I’ve been developing a dynamic lighting system for my 2D game that can raycast shadows. For this, I’ve been using LibGDX, creating an FBO for a lightmap and drawing the shadow polygons to it (I’m a complete newbie at this so FBO’s might now be the most efficient way). From what I’ve read, most lightmaps are blended in by multiplying them on, which makes sense. If you use colors like blue as the base to your light maps, you can give a nice ambience to rooms.
However, in outdoors scenarios, sometimes it’s preferable to use white as the base color, so that the visuals appear clear and not darkened. This is where my problem is.

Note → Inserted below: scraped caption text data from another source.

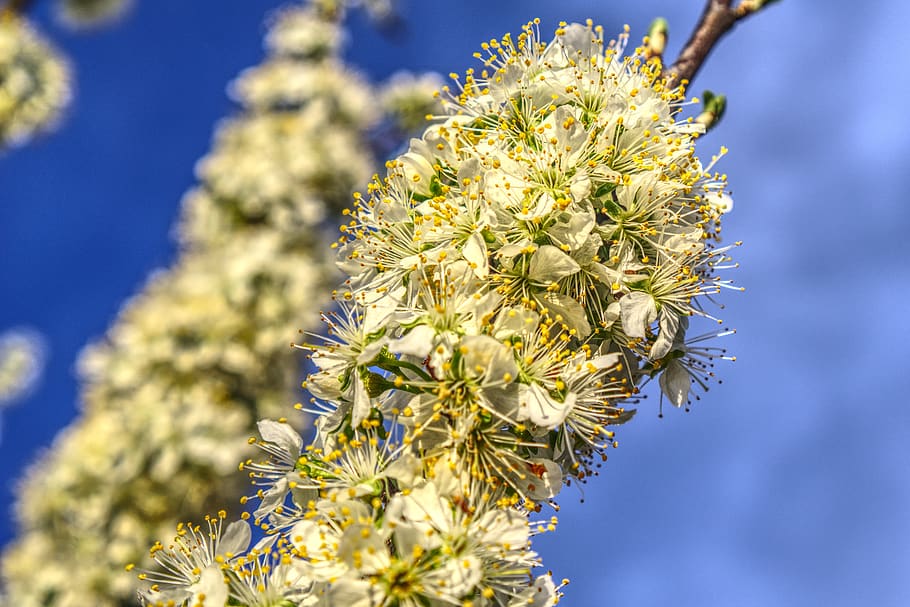 blossom, bloom, plum, tree, fruit tree, branch, branches, sky HD wallpaper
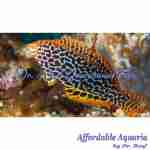 Leopard Wrasse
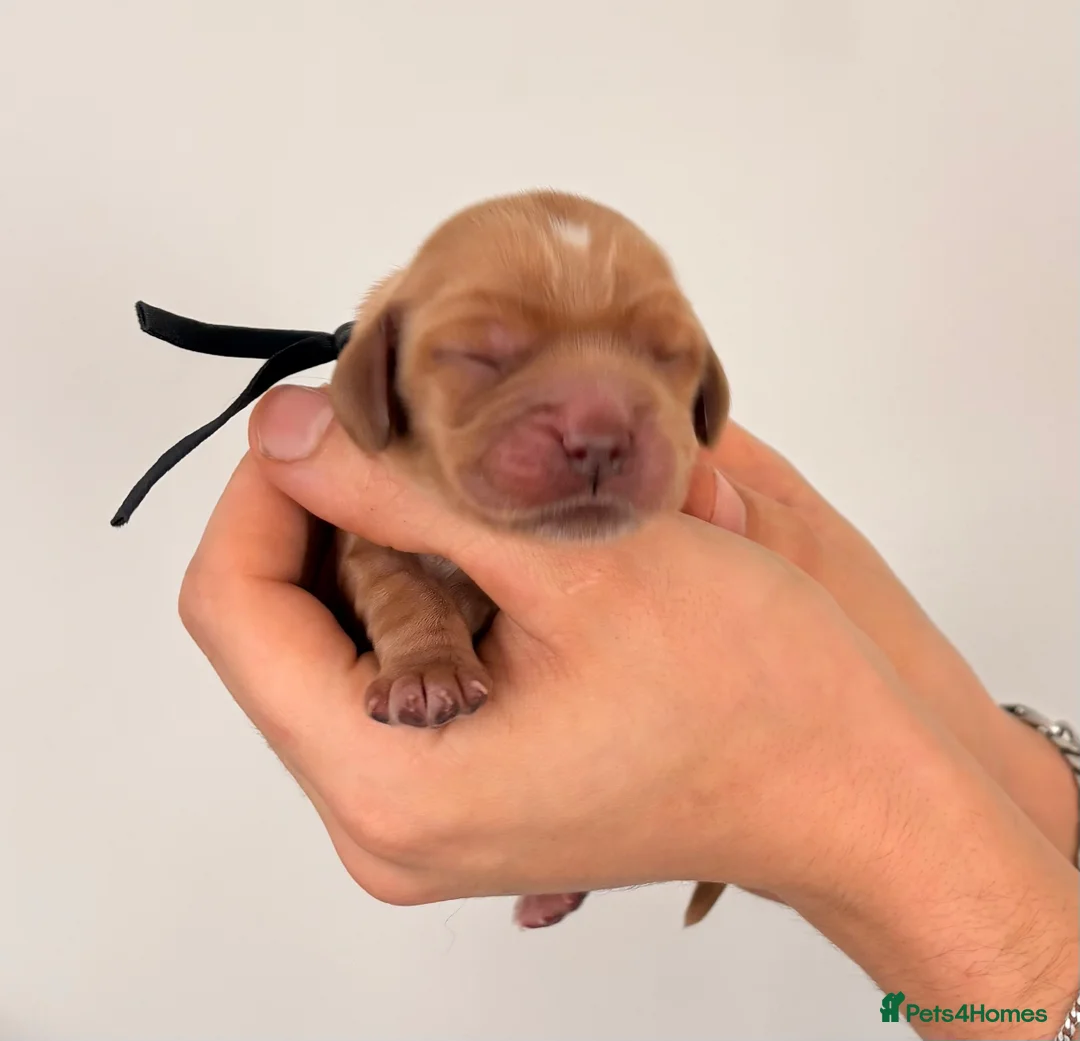 Cocker Spaniel dogs for sale: Beautiful litter of 9 cocker spaniel puppies 🥰 - Advert 16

For my lighting system, I’d also like to use additive blending to make lights have a gradient effect. In normal light maps, that’s fine, as it would lighten the base color, giving the effect regardless. But if the base color is white (or just a very bright color) then the light’s gradient can’t be blended onto the lightmap, because it would still result in white.
What is the best way to ensure that all lights have a visible gradient? Should I just use two FBO’s instead - one that’s multiplied and another that’s added? Would that be too expensive of an operation?
Thank you for your help.
To clarify, the above picture shows what would happen in a lightmap where the base color is white. Here, the sun is the light source. As you can see, the light doesn’t get shown on the left, because white is the highest value possible. The one of the right does show it, because it allocates all of the glows into a separate FBO with a black base and adds it. Are there better ways to achieve the same thing that the right one does?